I was shown this today...and was impressed, so I wanted to share.

I always wished GM had produced a Direct Injected NA version of the 2.0L Ecotec so that we could compare it's numbers to that of the Turbo version....but they don't. This is exactly what I've been looking for, though (minus the engine type, so here you have it (an Australian publication):
http://autospeed.com/cms/A_109931/article.html

Quote:

A turbo engine has the potential to be more economical than a naturally aspirated engine for two reasons.

• Thermal Efficiency

A turbocharged engine is more thermally efficient than a naturally aspirated engine. This is easy to understand when you remember that the turbo uses energy normally wasted out of the exhaust.

If you stand behind a car on a dyno as it undergoes a full power run, you’ll be amazed at the force of the gas coming out of the tail-pipe – you can feel it from literally metres behind the car. As it exits the engine, the gas is also hot – up to 800 degrees C – and it is hot because it has energy that can do work.

Since a turbo makes use of both the heat and flow, in a turbo car a greater amount of fuel is converted to useful work.

(Another way of looking at this is to consider that there is always a temperature drop across a turbo. That is, the temperature of the exhaust gas measured in front of the turbo is always higher than the temperature of the exhaust gas measured after the turbo. This temp change is indicative of the energy being taken from the exhaust gas. The turbo also takes much of the pulsing out of the exhaust gas – the reason why a turbo car usually needs less muffling of its exhaust. Again, the turbo is drawing energy from the exhaust.)

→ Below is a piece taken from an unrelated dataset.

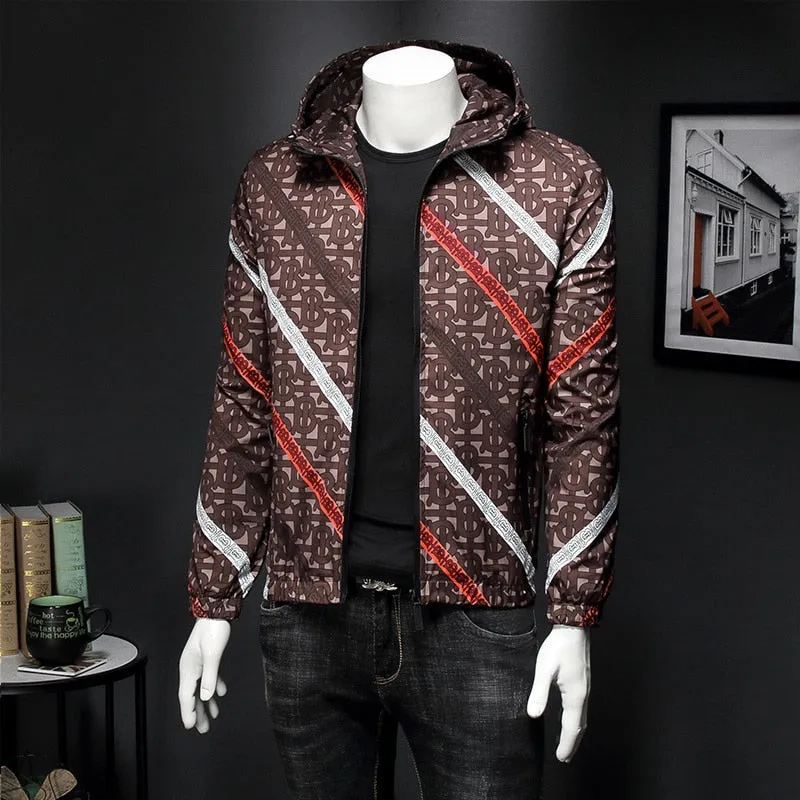 Vintage Print Hooded Casual Men Slim Fit Jacket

So a turbocharged engine is more thermally efficient than a naturally aspirated engine.

• Shape of Power Curve

The other reason that a turbo engine has the ability to more economical relates to the way in which it develops power.

In a given naturally aspirated engine, the power developed at each rpm depends on aspects such as valve timing and intake and exhaust manifold tuning. For example, the engine might be ‘tuned’ to develop a lot of power at low revs. However, even with variable valve timing and variable inlet manifolds, a naturally aspirated engine with good bottom-end power is very unlikely to have good top-end power – the compromise to get the good bottom-end power output is simply too great.

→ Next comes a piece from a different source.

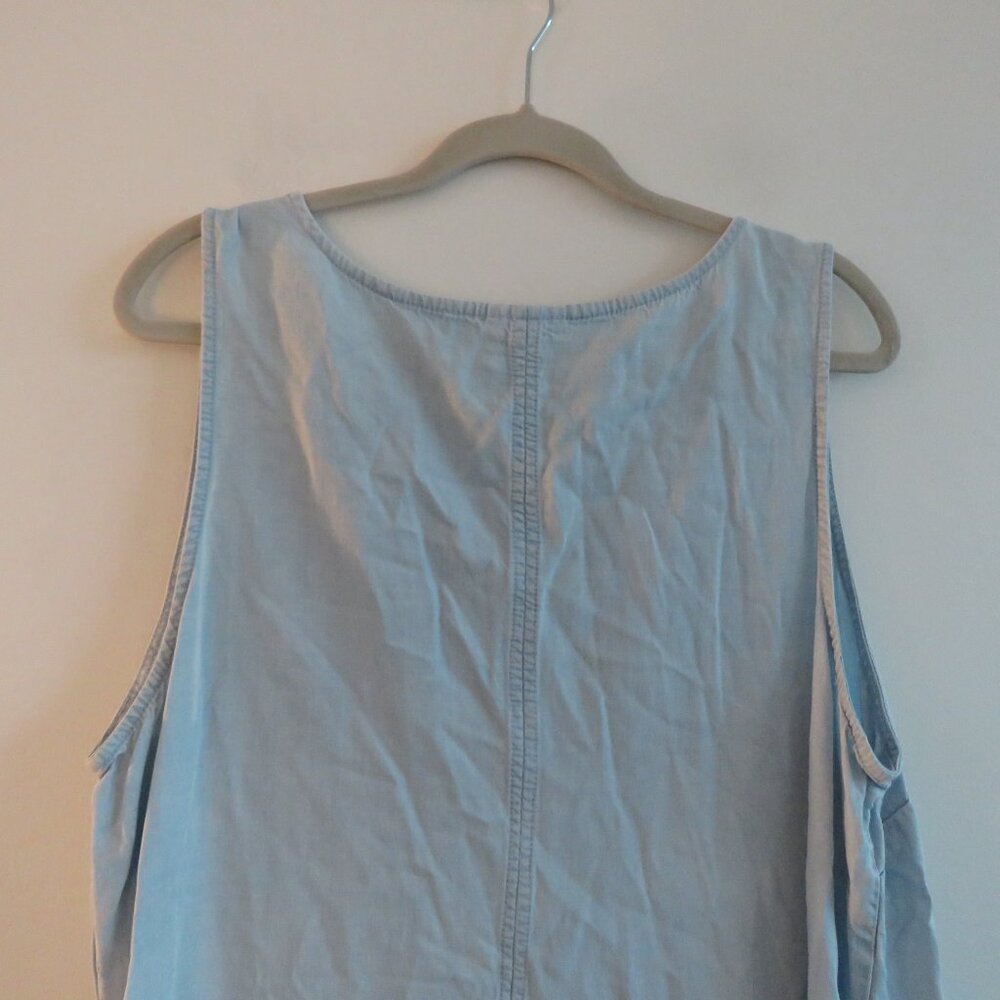 J. JILL Light Denim Maxi Chambray Dress Coastal Lagenlook Minimalist Size XL P - Picture 9 of 14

The reason that good bottom-end power will improve fuel economy is that the car will be able to use low engine revs more of the time. That is, the gearbox will not need to change down, so keeping revs lower. This is important for economy as the frictional losses inside the engine increase rapidly with higher revs – the throttled engine becomes less efficient as revs rise. But low engine revs can only be used if the engine has sufficient power to propel the car at those revs!

Of course, fitting a bigger engine will give good power at low revs – but a bigger engine will also have higher internal friction, so there’s no overall gain.

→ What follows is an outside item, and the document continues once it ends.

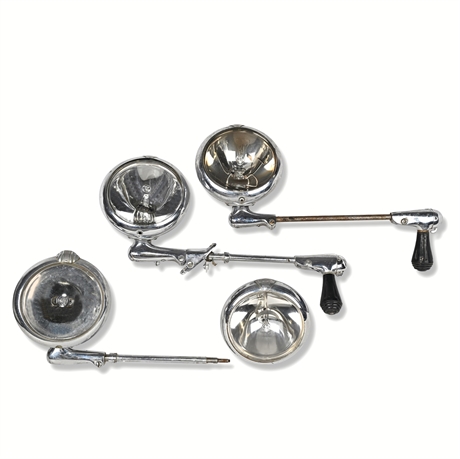 (4) Vintage Unity S6 Chrome Spotlights — GE Bulbs, GM Badge, 6.5"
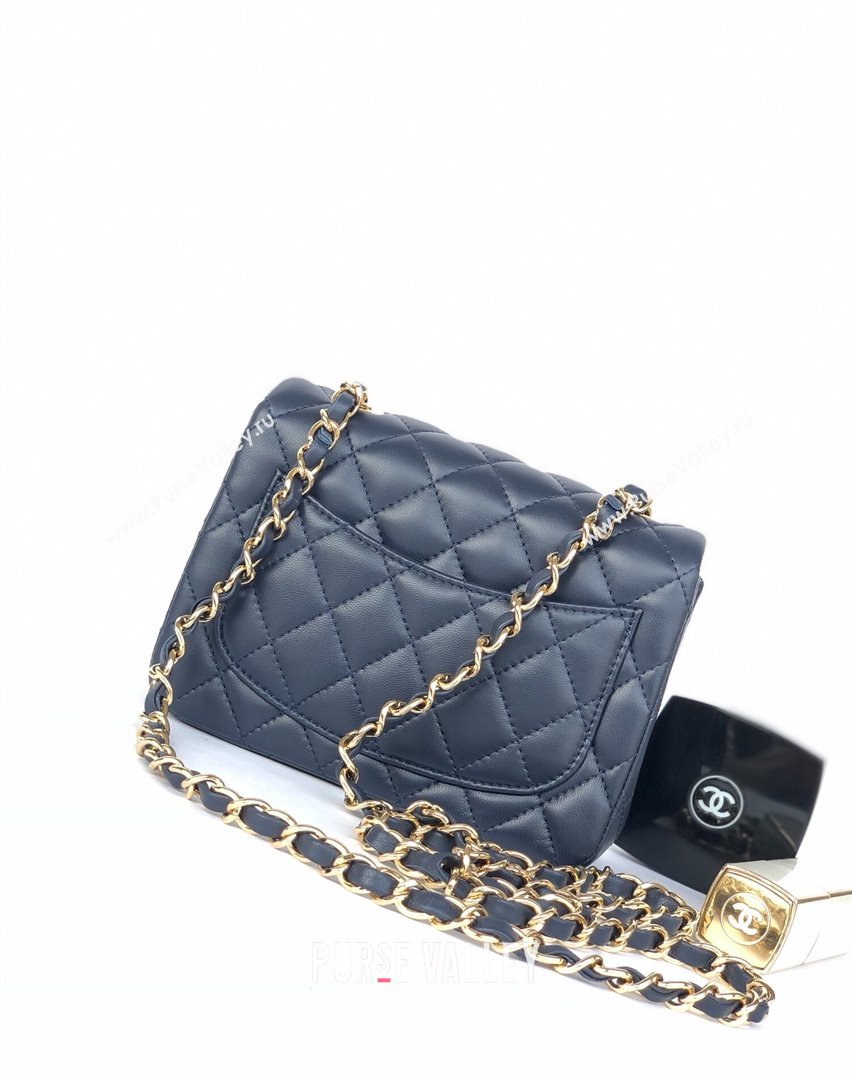 Chanel Lambskin Mini Square Classic Flap Bag A01115 Navy Blue/Gold 2024 (YUND-24070212)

Therefore, to gain the best real world economy, what is needed is a small engine (so having low internal friction) running at low revs (again, small internal frictional losses) that develops lots of power at those low revs.
And the best way to efficiently give a small engine good low-down power is to turbo it.

...............

So let’s take a step back. In the comparison shown above of the two 2-litre engines, the turbo engine has better fuel economy, better CO2 emissions, 50 per cent more bottom-end power and 34 per cent more top-end power.
In short, it’s better in every respect (except, it must be said, cost to build).

Having driven both engines on the road in recent times, the turbo engine is massively better – and in fact in freeway travel, we scored an even greater fuel economy win to the turbo engine than the above official test figures show.

Now all we need is for GM to pop out a Turbo V6....hmmmm.........